Date Watched:10/12/16
Cinema or Home: Home
Reason For Watching: Russell Crowe
Rewatch: No


Possible Spoilers Ahead

I went into this film knowing next to nothing about it because - except for a few PMs from JayDee who alerted me to it - I never heard anything about it. No ads on television. No reviews, either from critics or movie fans. Nothing.

What I did know was that it starred Russell Crowe, who despite some recent missteps (Man of Steel, Noah, The Man With the Iron Fists, and the truly awful Winter's Tale), has been one of my favorite actors for the past sixteen years. He is second only to Joaquin Phoenix in his ability to make me feel for his characters (except for Winter's Tale, there's just nothing redeeming about that movie) and with this performance he did not let me down.

Russell Crowe plays Jake Davis, a Pulitzer Prize winning author struggling to cope with the physical and psychological trauma that he suffered following a horrific car accident that killed his wife and left him a single father. But his troubles don't end there. A stay in a mental hospital strains his finances. His new book is a critical and commercial bomb. His sister-in-law and her lawyer husband have filed a custody suit for his daughter. And the neurological damage from the accident has left him with increasingly severe seizures.

Davis is a loving, dedicated father willing to sacrifice anything for his child and Crowe does well to give this character an emotional authenticity. The scenes between him and Kylie Rogers, who plays his daughter Katie, are touching and effective.

But his is not the only story being told here. We also fast forward many years to follow an older Katie (played by Amanda Seyfried) - a young woman who doesn't know how to love or be loved and who self-destructs in a haze of alcohol and a stream of one night stands. But her life isn't total chaos. She finds purpose in her career as a social worker, where she develops a strong bond with a troubled, orphaned child.

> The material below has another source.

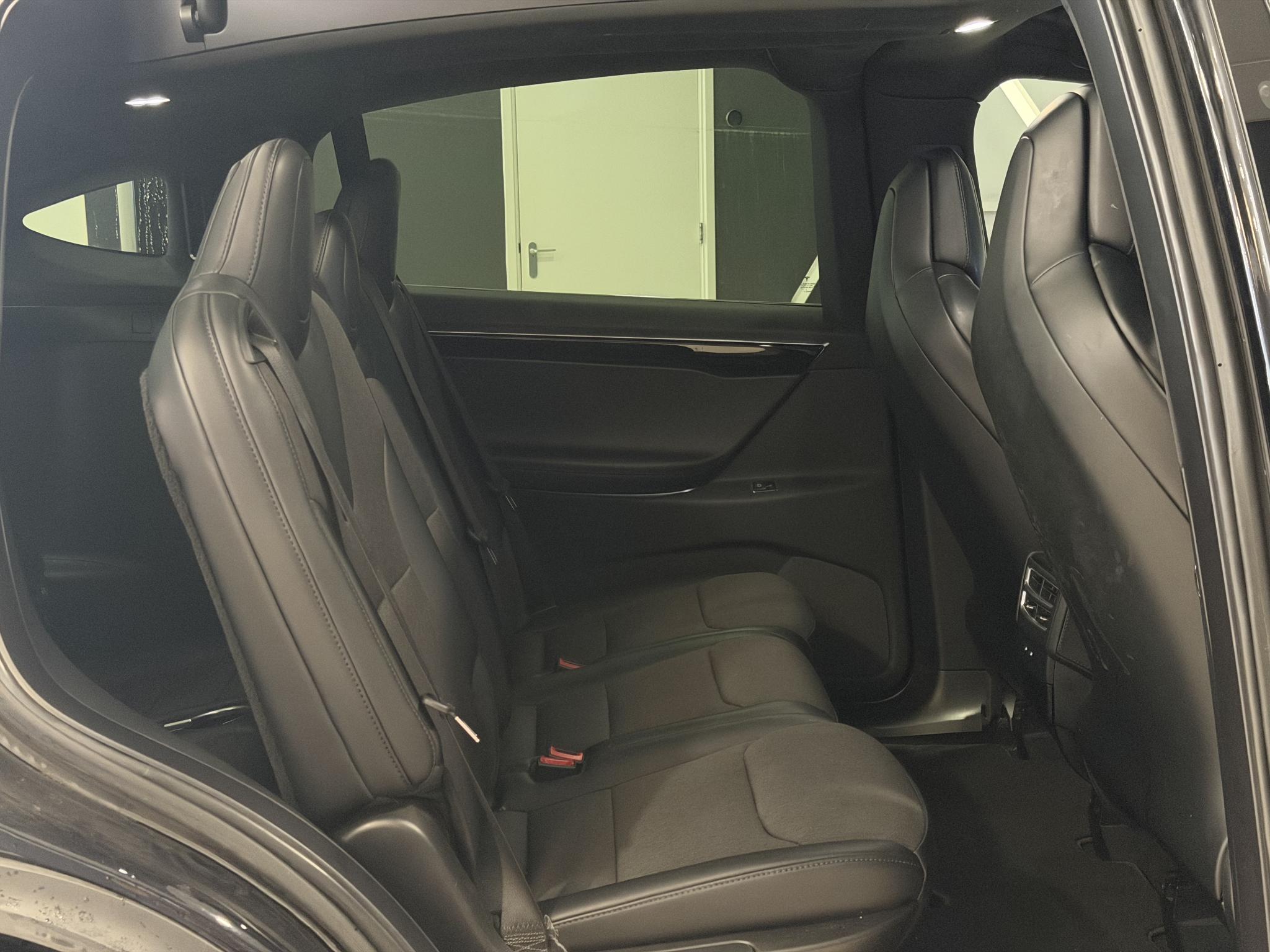 Foto van Tesla Model X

Both stories are engaging, both lead performances are solid, and the supporting cast - including Aaron Paul, Octavia Spencer, Diane Kruger, and Jane Fonda - are all good as well, but there's something lacking here. And that something is a true connection between the stories. The film never really tells us why. We flash back and forth from a child who knows love very well to a woman who is a near stranger to it, but we are deprived of the journey from one point to the other. From the quick bit of research I've done, it seems the final film is significantly different from the original script in this regard - which is a shame, because what we're left with just feels incomplete.




Miss Vicky's Loyal and Willing Slave
Glad you liked it MV, at least enough that it wasn't a waste of money as a blind buy

I went into this film knowing next to nothing about it because - except for a few PMs from JayDee who alerted me to it - I never heard anything about it. ]
Woohoo! I just got a shout-out from the great Miss Vicky.